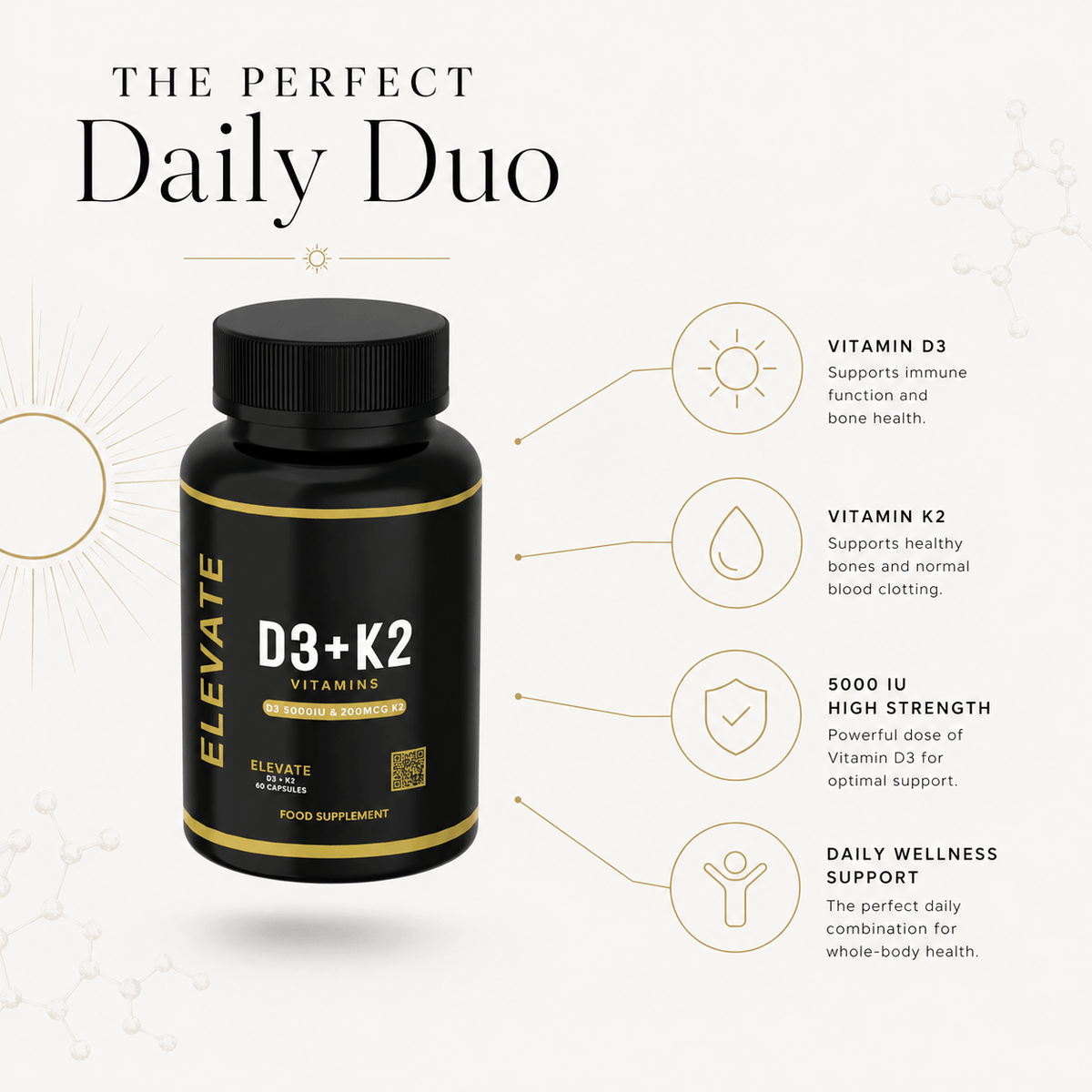 High-strength Elevate D3 + K2 supplements bottle showcasing the supplement label and branding from ElevateSupplementsNI.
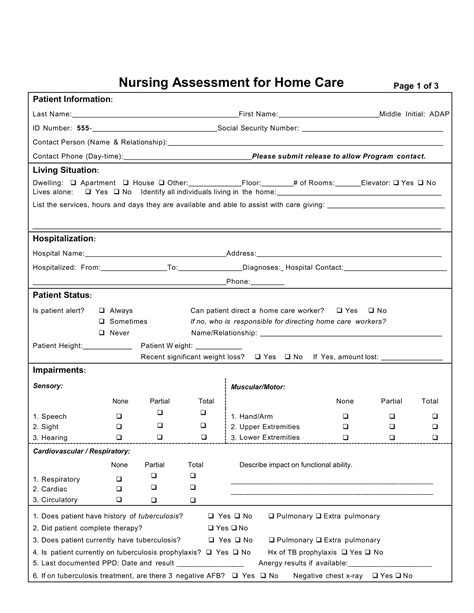 Free Printable Nursing Assessment Form Templates Pdf Word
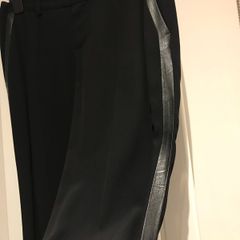 OUI straight-leg trousers with side leather trim U.K. 10)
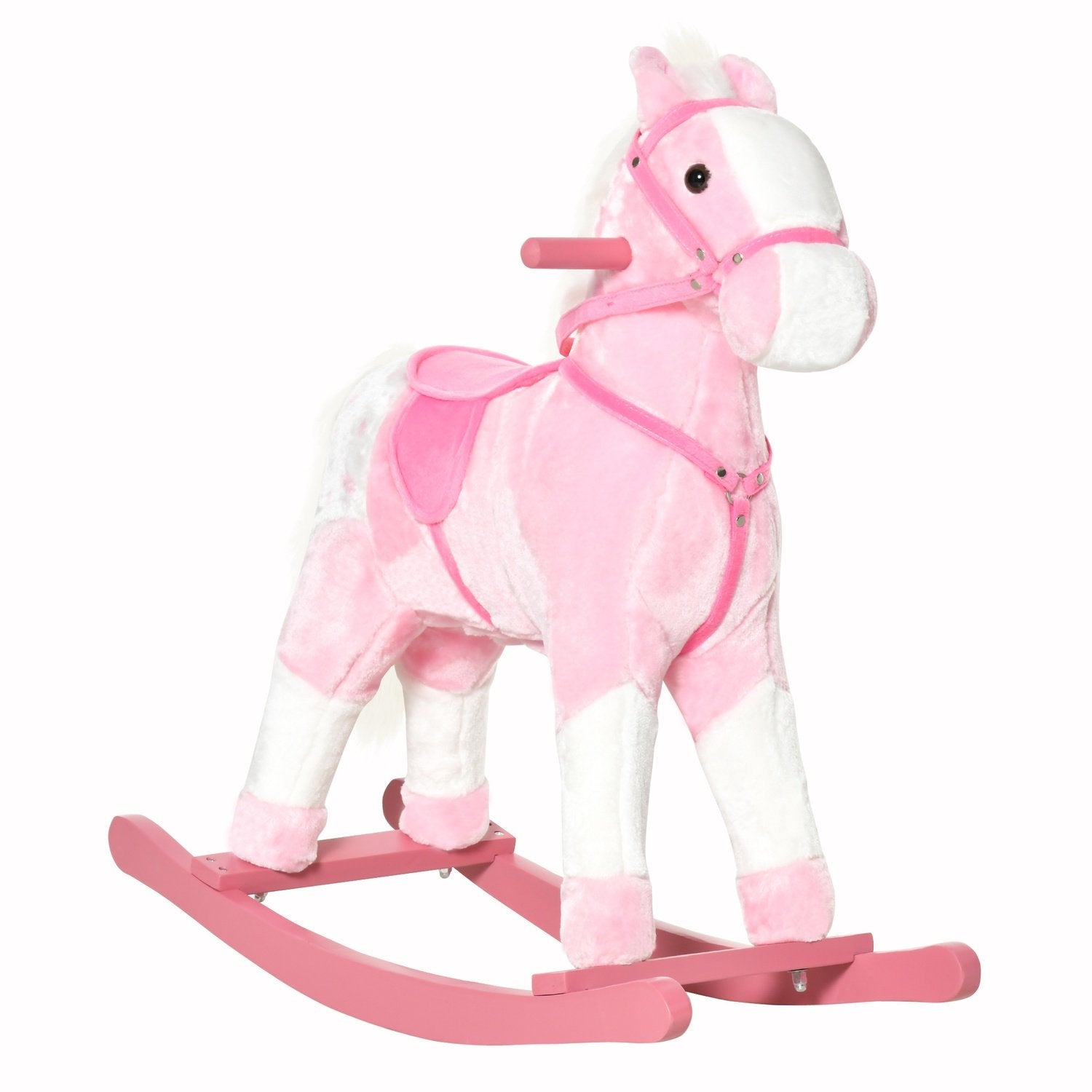 Gyngehest Gyngedyr Gyngelegetøj Neighing Pink 74X28X65Cm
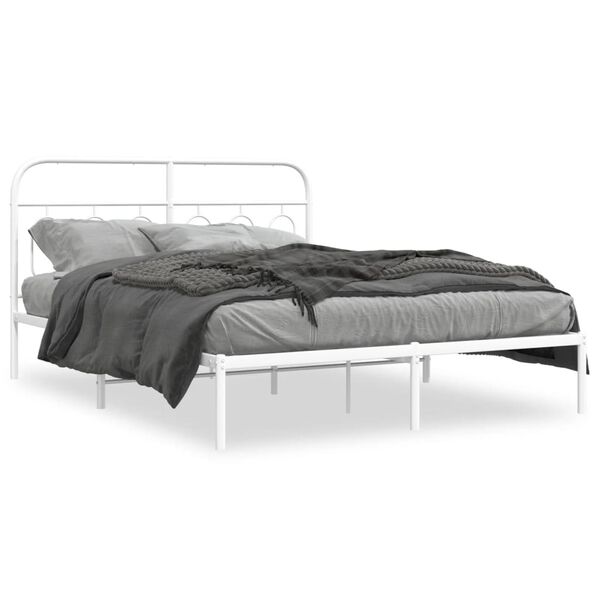vidaXL Cadre de lit métal sans matelas et tête de lit blanc 140x200 cm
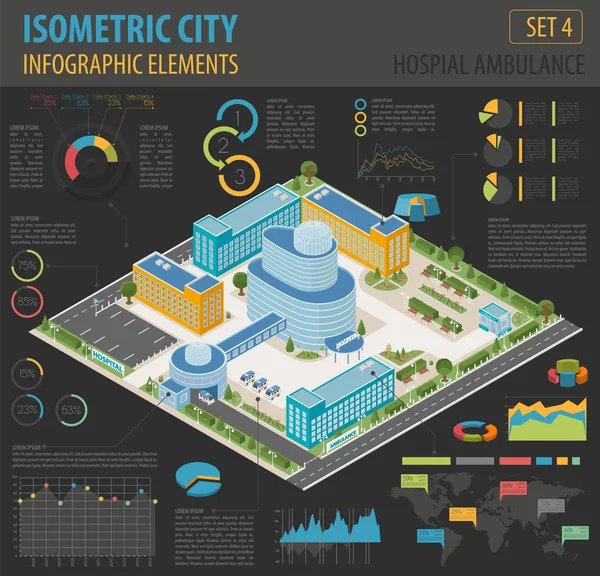 Piso 3d complejo clínico isométrico y mapa de la ciudad constructor elemen — Vector de stock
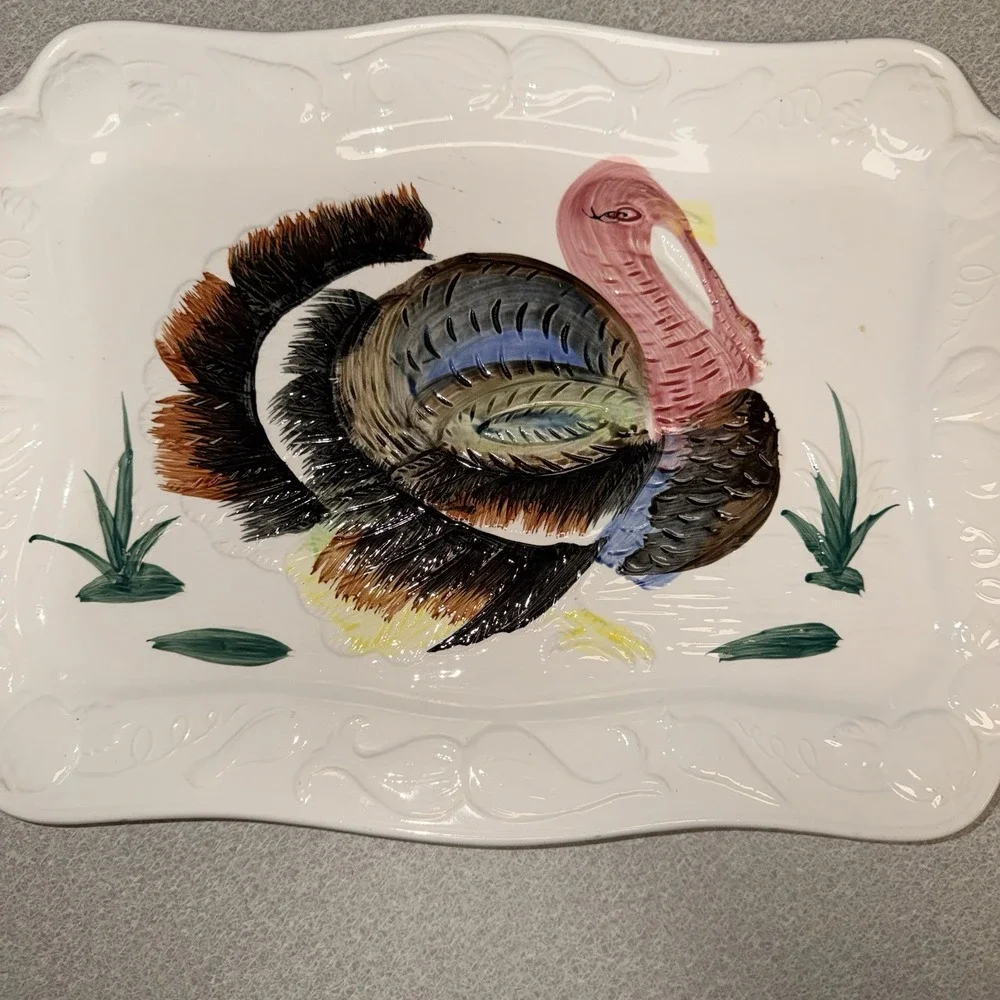 Turkey Embossed Vtg Hand Painted Colorful Ceramic Thanksgiving Tray Platter Fall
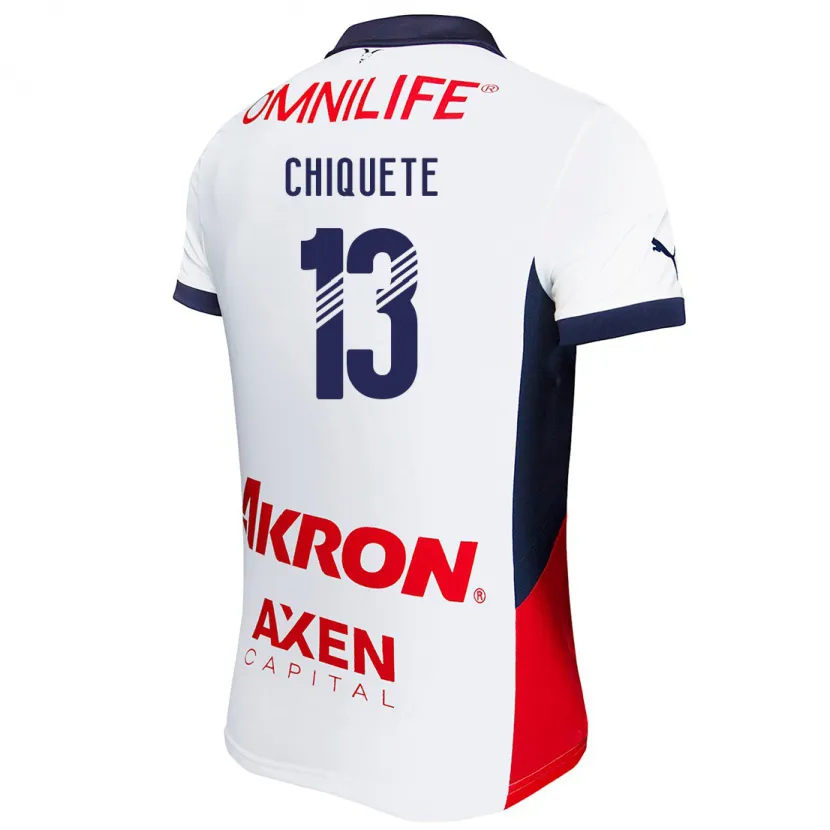 Danxen Kid Jesús Orozco Chiquete #13 White Red Blue Away Jersey 2024/25 T-Shirt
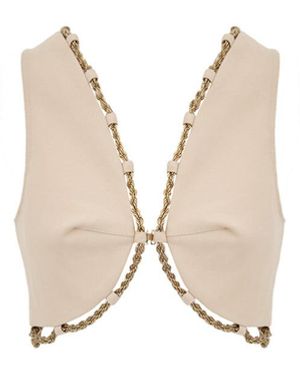 Cult Gaia Vest En Cotton Cypria Con Borde De Cadena De Oro - Neutro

* * * * * * *

» **TASK INSTRUCTIONS**:
Transcribe the full listing exactly, but keep every image out of it.

» **RESPONSE AREA**:
 High-strength Elevate D3 + K2 supplements bottle showcasing the supplement label and branding from ElevateSupplementsNI.
 Free Printable Nursing Assessment Form Templates Pdf Word
 OUI straight-leg trousers with side leather trim U.K. 10)
 Gyngehest Gyngedyr Gyngelegetøj Neighing Pink 74X28X65Cm
vidaXL Cadre de lit métal sans matelas et tête de lit blanc 140x200 cm
 Piso 3d complejo clínico isométrico y mapa de la ciudad constructor elemen — Vector de stock
 Turkey Embossed Vtg Hand Painted Colorful Ceramic Thanksgiving Tray Platter Fall
 Danxen Kid Jesús Orozco Chiquete #13 White Red Blue Away Jersey 2024/25 T-Shirt
 Cult Gaia Vest En Cotton Cypria Con Borde De Cadena De Oro - Neutro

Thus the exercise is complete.